Segment Open

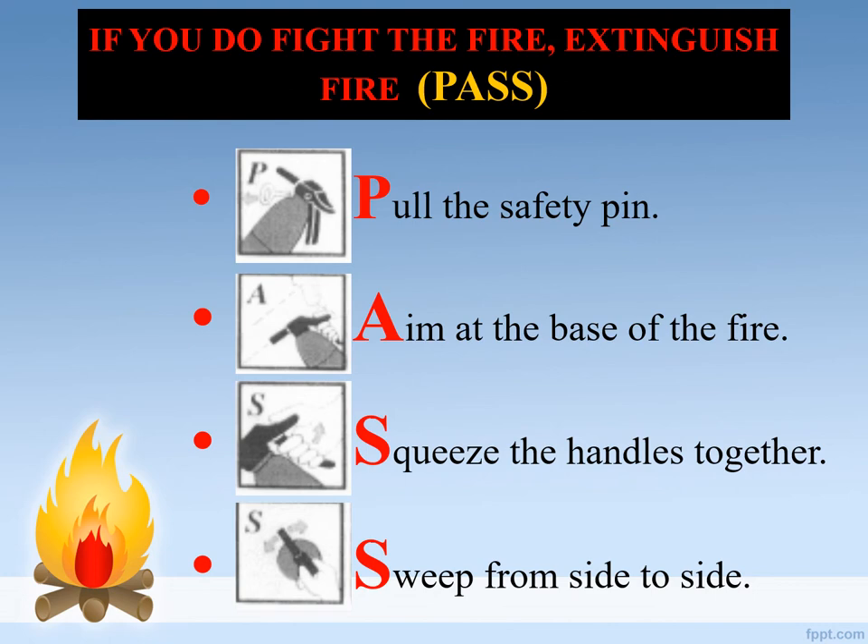To fight fire with a fire extinguisher, we use the PASS protocol: Pull the safety pin; Aim at the base of the fire; Squeeze the handles together; Sweep from side to side.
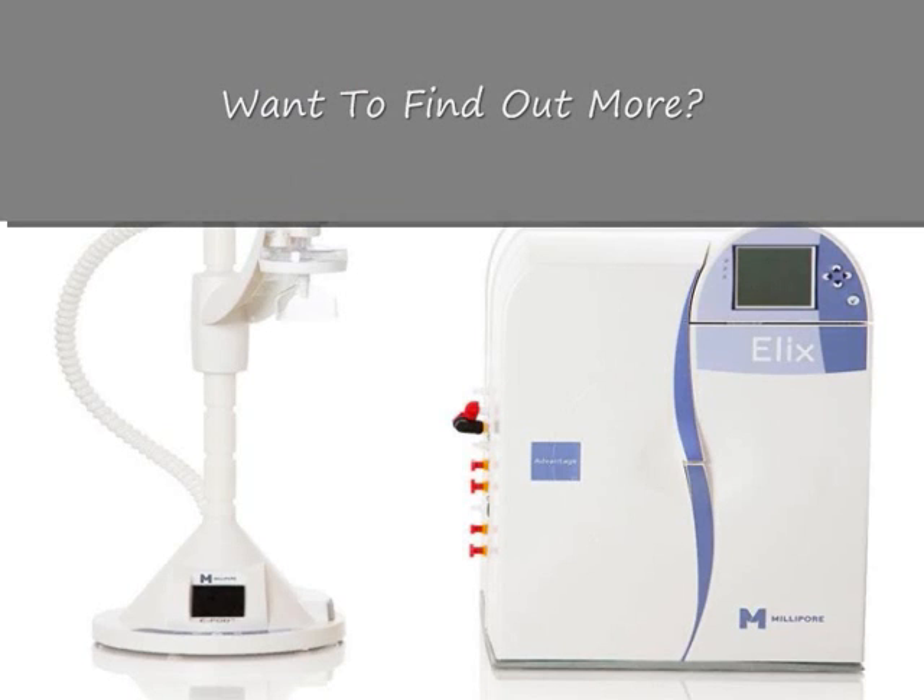There are several application-specific final filters which can also be added to the EPOD units for additional contaminant removal.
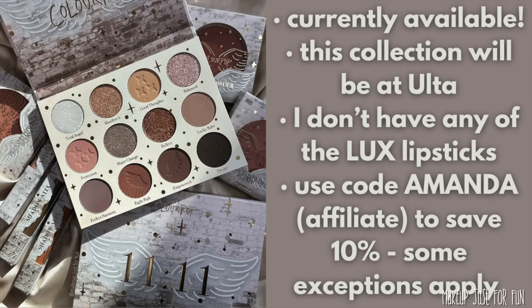Hello, it's Amanda here and today we're talking about a brand new collection that just dropped from ColourPop yesterday — this is the 1111 collection. It's currently available on the ColourPop site, and according to the information in the PR package, this collection will also be available at Ulta.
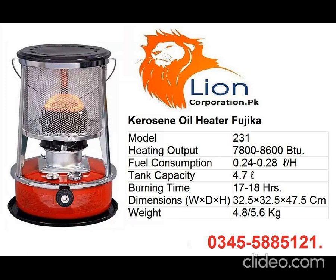Warning for using this heater: adequate ventilation is necessary for safe operation of the kerosene heater. Burning kerosene consumes oxygen and produces carbon dioxide, sulfur dioxide, nitrogen dioxide, carbon monoxide, and other gases.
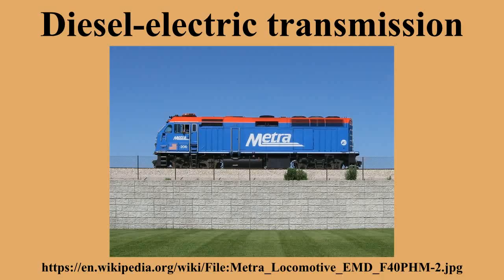Diesel-electric based buses have also been produced, including hybrid systems able to run on and store electrical power in batteries. The two main providers of hybrid systems for diesel-electric transit buses include Allison Transmission and BAE Systems. New Flyer Industries, Gillig Corporation, and North American Bus Industries are major customers for the Allison EP Hybrid Systems, while Orion Bus Industries is a major customer for the BAE Hybrid Drive System. Mercedes-Benz makes their own diesel-electric drive system.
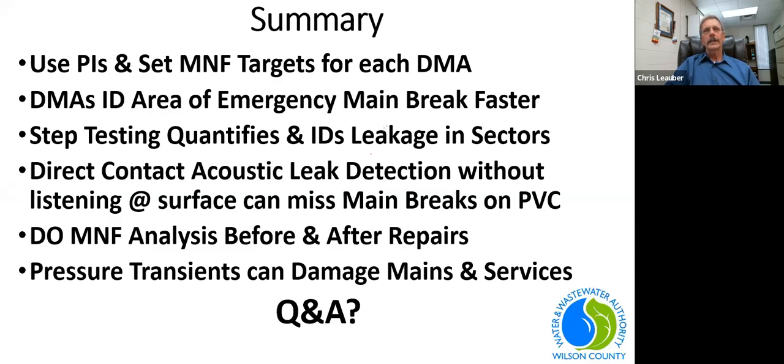In summary: use performance indicator data to set minimum night flow targets for each DMA. DMAs identify areas for emergency main breaks faster. Step testing quantifies and identifies leakage in sectors. Direct contact acoustic leak detection without surface listening can miss mainline breaks on PVC pipe. Always do minimum night flow analysis before and after repairs. And pressure transients can cause damage to both mains and services.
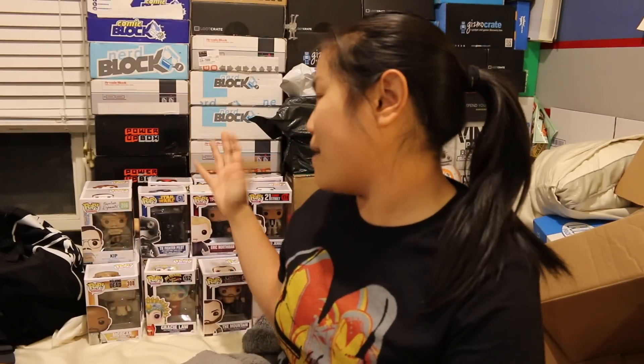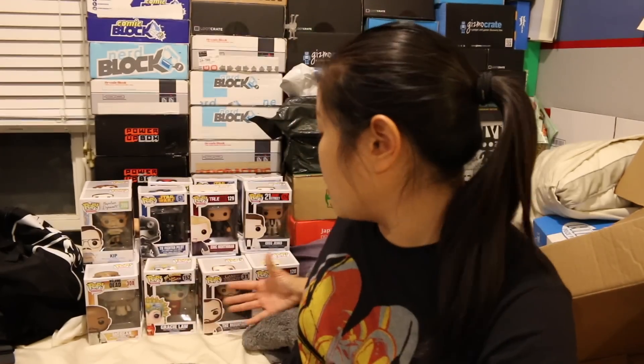Obviously the one thing is you get random Funko Pops you might not necessarily want or need. This was my 2016 Vinylpalooza — I don't know how often they do this, but so far it's been yearly and I'm very happy with it. Overall I would give it a 4.25 or 4.5 out of 5 noobs — good value, no duplicates, and a good assortment. On average, probably a 4 to 4.25 out of 5.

Segment Closed

(TASK PROMPT):
Output exactly and only the lines from the line containing "Warning for using" to the end of the entries, both included, and omit every picture.

(SOLVED EXERCISE):
Warning for using this heater: adequate ventilation is necessary for safe operation of the kerosene heater. Burning kerosene consumes oxygen and produces carbon dioxide, sulfur dioxide, nitrogen dioxide, carbon monoxide, and other gases.
Diesel-electric based buses have also been produced, including hybrid systems able to run on and store electrical power in batteries. The two main providers of hybrid systems for diesel-electric transit buses include Allison Transmission and BAE Systems. New Flyer Industries, Gillig Corporation, and North American Bus Industries are major customers for the Allison EP Hybrid Systems, while Orion Bus Industries is a major customer for the BAE Hybrid Drive System. Mercedes-Benz makes their own diesel-electric drive system.
In summary: use performance indicator data to set minimum night flow targets for each DMA. DMAs identify areas for emergency main breaks faster. Step testing quantifies and identifies leakage in sectors. Direct contact acoustic leak detection without surface listening can miss mainline breaks on PVC pipe. Always do minimum night flow analysis before and after repairs. And pressure transients can cause damage to both mains and services.
Obviously the one thing is you get random Funko Pops you might not necessarily want or need. This was my 2016 Vinylpalooza — I don't know how often they do this, but so far it's been yearly and I'm very happy with it. Overall I would give it a 4.25 or 4.5 out of 5 noobs — good value, no duplicates, and a good assortment. On average, probably a 4 to 4.25 out of 5.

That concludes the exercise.